PROMPT — A verbatim transcript of the data below is required, images omitted.

DATASET EXTRACT —
■ ■ ■ ■

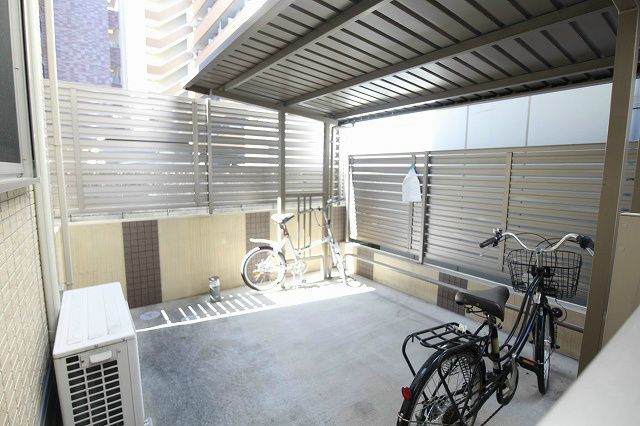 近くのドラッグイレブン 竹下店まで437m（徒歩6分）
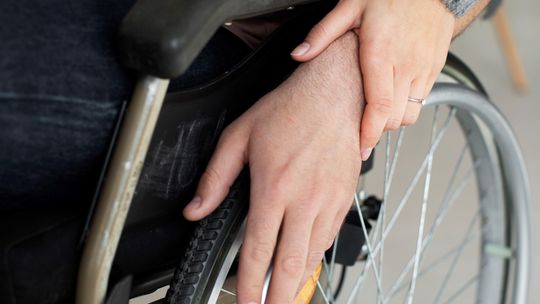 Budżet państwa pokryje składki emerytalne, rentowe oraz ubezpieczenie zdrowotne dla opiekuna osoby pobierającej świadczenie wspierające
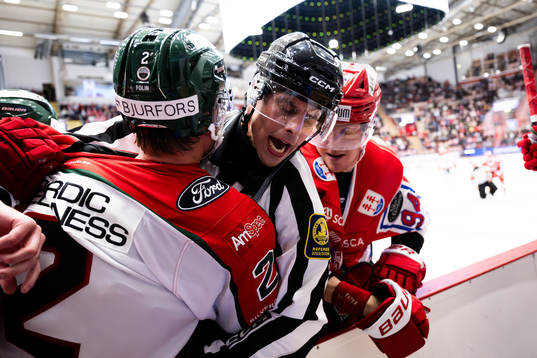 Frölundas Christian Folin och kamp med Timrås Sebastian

■ ■ ■ ■

RESPONSE TO THIS EXERCISE —
 近くのドラッグイレブン 竹下店まで437m（徒歩6分）
 Budżet państwa pokryje składki emerytalne, rentowe oraz ubezpieczenie zdrowotne dla opiekuna osoby pobierającej świadczenie wspierające
 Frölundas Christian Folin och kamp med Timrås Sebastian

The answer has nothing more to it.